Su queste basi, un accordo con Atene diventa necessario ed appare possibile. Non a tutti i costi, naturalmente; ma perché – di fatto – è ormai abbastanza ridotta la distanza fra le richieste dei creditori e ciò che il governo greco è in grado di offrire.
Come in tutti i tira e molla della politica internazionale, un compromesso richiede come condizione essenziale un grado sufficiente di fiducia fra le parti: questa sembra, attualmente, la merce più rara. Ed è anzitutto qui che la posizione di Angela Merkel può fare la differenza. Ancora: qualunque accordo in extremis impone uno sforzo reciproco per salvare la faccia della controparte. L’Europa ha il problema di riuscire a recuperare la Grecia senza incoraggiare contagi politici ulteriori (la durezza della Spagna verso Atene, ad esempio, ha molto o tutto a che fare con l’ascesa elettorale di Podemos); il governo di Atene deve recuperare credibilità internazionale senza perdere eccessivo consenso interno.
Sembrerebbe uno sforzo destinato al fallimento, viste come sono andate le cose negli ultimi mesi. Ma che può invece riuscire se l’Europa – messa di fronte alle proprie responsabilità – coglierà finalmente la posta in gioco; e se la Grecia – messa di fronte all’abisso che l’aspetta – trarrà finalmente le lezioni giuste dai molti errori compiuti.
L’altro giorno, a Milano, ho risposto così alla frase del vecchio amico di Washington: «E’ vero, continua a mancare una visione geopolitica unitaria. Dal 2010 in poi, la crisi finanziaria europea ha spaccato l’Europa sull’asse Nord-Sud. Per mezzo secolo, l’Europa era stata divisa sull’asse Est-Ovest. Oggi, e basta aggiungere il dossier migrazione per capirlo meglio, le faglie si sono moltiplicate». Ho detto più o meno queste parole ma ho aggiunto anche che la partita non è stata persa: se proprio dovessi scommettere, punterei su un accordo dell’ultima ora.
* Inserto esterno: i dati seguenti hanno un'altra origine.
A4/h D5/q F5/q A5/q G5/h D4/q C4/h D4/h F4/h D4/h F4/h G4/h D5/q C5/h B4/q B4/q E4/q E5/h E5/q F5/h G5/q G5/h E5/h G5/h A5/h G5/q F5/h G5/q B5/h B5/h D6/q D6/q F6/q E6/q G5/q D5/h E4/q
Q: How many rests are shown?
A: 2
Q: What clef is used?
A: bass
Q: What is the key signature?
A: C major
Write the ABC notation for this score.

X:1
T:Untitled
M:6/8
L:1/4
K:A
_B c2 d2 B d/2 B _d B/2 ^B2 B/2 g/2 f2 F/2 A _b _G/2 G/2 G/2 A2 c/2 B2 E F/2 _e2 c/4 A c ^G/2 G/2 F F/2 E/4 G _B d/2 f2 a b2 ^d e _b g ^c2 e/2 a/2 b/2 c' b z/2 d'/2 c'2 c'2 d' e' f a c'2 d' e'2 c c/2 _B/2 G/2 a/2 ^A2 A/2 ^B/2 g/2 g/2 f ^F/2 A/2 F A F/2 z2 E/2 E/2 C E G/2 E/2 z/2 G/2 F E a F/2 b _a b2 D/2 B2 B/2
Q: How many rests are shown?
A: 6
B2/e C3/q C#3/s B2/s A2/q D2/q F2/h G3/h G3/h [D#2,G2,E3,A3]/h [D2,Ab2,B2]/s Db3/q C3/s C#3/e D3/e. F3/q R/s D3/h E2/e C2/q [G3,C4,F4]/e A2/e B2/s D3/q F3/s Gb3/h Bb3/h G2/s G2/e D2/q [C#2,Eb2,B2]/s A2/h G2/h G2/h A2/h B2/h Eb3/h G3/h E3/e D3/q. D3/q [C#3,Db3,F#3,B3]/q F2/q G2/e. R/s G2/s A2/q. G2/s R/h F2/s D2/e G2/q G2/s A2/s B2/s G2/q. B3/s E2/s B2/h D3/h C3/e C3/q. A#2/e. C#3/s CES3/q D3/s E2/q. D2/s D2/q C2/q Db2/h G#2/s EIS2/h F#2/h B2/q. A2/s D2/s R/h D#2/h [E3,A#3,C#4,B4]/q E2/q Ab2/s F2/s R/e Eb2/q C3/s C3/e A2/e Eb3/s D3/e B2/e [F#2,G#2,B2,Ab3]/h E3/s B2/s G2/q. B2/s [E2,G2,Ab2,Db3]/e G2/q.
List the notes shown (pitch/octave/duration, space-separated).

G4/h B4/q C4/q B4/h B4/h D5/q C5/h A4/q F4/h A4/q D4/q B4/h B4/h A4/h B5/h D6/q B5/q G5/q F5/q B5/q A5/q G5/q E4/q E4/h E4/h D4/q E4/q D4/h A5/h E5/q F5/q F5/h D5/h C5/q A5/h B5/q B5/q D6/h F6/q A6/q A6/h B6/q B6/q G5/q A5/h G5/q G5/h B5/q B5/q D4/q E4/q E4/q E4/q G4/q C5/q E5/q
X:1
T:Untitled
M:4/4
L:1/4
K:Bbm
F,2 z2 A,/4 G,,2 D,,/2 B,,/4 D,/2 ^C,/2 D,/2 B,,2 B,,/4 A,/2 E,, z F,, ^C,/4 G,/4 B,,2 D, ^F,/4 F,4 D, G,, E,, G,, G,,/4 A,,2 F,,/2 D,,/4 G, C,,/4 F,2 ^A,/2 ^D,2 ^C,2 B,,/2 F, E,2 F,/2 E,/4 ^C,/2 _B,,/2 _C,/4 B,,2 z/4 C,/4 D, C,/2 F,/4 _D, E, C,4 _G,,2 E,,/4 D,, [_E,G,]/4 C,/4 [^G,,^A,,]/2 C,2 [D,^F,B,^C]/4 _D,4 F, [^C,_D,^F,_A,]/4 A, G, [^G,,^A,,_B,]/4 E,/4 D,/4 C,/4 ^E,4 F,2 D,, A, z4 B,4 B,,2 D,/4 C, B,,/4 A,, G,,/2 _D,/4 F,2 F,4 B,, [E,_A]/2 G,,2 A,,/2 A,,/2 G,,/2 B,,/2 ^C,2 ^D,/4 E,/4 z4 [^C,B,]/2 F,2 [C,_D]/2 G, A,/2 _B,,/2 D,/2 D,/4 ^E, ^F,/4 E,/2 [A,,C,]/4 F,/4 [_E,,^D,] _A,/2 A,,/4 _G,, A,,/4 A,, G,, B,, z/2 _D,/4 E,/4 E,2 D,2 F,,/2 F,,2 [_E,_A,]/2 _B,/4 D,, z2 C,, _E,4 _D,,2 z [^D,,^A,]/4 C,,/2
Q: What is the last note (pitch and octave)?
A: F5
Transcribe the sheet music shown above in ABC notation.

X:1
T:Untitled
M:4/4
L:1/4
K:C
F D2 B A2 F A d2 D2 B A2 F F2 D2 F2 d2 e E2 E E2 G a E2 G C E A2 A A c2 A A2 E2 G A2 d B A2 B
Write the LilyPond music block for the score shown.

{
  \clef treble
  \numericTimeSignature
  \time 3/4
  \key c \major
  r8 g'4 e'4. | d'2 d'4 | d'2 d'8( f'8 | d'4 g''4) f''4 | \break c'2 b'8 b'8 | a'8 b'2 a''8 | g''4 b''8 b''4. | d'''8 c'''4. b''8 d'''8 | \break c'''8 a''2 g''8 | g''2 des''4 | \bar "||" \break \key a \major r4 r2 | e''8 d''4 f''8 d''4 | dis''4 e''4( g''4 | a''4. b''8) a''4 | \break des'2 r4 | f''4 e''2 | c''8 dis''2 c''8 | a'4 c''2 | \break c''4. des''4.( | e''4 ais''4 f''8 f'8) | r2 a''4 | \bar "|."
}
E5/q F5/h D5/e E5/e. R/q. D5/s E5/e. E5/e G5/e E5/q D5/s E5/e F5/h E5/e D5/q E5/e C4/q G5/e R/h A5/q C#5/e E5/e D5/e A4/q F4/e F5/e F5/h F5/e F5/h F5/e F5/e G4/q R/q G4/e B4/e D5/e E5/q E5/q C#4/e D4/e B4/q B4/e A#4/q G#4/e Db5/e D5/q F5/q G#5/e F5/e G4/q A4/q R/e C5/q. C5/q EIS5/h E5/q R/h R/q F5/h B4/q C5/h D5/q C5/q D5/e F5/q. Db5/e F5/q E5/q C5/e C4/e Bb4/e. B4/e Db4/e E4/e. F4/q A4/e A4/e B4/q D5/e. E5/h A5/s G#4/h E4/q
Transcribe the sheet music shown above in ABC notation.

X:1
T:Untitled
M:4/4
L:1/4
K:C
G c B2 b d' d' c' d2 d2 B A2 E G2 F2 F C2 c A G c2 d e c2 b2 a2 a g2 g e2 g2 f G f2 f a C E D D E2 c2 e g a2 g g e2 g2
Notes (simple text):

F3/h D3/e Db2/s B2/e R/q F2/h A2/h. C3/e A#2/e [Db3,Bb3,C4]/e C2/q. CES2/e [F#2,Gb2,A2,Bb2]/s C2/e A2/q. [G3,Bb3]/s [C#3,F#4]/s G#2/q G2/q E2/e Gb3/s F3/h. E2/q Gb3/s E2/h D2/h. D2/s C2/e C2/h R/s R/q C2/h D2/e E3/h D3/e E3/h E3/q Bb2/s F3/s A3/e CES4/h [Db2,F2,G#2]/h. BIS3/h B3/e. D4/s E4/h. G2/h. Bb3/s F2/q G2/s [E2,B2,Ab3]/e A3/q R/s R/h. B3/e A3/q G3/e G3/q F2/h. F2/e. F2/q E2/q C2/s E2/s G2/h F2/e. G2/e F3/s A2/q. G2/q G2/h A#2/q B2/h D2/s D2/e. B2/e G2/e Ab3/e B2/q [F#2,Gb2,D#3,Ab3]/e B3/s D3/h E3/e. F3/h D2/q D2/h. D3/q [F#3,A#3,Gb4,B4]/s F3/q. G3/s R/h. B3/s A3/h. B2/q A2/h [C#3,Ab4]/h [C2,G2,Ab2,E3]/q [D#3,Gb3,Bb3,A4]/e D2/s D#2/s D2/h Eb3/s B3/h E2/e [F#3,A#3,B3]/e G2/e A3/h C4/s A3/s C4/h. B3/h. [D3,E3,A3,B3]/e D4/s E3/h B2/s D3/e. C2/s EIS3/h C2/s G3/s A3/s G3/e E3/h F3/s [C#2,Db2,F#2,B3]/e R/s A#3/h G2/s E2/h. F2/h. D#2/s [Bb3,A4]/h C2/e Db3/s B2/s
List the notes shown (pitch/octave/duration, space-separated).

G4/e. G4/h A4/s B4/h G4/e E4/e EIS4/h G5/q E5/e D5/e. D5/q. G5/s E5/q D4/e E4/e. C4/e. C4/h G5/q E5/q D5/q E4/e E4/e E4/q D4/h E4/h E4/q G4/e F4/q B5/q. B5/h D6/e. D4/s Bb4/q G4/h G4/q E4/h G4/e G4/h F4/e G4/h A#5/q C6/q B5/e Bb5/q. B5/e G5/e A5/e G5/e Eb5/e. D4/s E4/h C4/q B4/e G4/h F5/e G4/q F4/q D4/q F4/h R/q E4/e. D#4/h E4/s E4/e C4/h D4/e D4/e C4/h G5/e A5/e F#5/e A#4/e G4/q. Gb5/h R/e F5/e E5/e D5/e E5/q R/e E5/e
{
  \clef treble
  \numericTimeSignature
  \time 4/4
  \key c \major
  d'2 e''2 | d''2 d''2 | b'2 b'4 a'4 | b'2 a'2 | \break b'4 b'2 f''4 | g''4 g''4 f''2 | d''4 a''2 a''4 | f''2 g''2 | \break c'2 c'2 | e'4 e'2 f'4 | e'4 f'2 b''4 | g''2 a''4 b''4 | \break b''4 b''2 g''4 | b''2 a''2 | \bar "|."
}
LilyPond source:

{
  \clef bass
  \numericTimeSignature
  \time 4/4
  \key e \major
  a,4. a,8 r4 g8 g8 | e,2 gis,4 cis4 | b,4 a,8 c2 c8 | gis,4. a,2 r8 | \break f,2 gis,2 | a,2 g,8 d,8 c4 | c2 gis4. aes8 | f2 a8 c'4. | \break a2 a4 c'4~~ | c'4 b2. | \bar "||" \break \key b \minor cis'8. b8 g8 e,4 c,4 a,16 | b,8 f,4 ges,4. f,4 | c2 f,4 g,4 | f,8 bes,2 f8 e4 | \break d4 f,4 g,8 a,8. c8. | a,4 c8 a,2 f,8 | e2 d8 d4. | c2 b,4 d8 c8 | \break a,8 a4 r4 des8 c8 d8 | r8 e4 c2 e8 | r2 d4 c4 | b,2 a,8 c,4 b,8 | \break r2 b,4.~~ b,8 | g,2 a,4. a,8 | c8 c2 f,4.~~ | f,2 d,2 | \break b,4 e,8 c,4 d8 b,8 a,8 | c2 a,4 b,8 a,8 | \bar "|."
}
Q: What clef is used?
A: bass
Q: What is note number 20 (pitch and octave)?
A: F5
Chi si interessa di questioni europee, cita spesso la frase di Jean Monnet, secondo cui l’Europa si è costruita solo grazie alle crisi. Poniamo che resti vero. Ma aggiungendovi un punto essenziale per capire la situazione in cui siamo: la crisi l’abbiamo già vissuta – come Ue – dal 2010 in poi; alcuni paesi, fra cui la Grecia, l’hanno avvertita con una durezza particolare; altri, e anzitutto la Germania, ne sono stati appena sfiorati. E’ indispensabile che i vincitori e i perdenti di oggi riconoscano un terreno comune: l’unico possibile è basato su uno scambio più credibile di quello attuale fra responsabilità (nazionale) e solidarietà (europea). Se ciò non avverrà, le crisi degli ultimi anni saranno state solo l’anticipo della grande crisi europea: quella che ancora non abbiamo vissuto.